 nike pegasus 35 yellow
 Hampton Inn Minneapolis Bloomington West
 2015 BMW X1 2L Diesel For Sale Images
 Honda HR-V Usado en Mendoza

ASSIGNED TASK —
Output every line above so that it reads exactly as before.

OUTPUT FOR THIS EXERCISE —
 nike pegasus 35 yellow
 Hampton Inn Minneapolis Bloomington West
 2015 BMW X1 2L Diesel For Sale Images
 Honda HR-V Usado en Mendoza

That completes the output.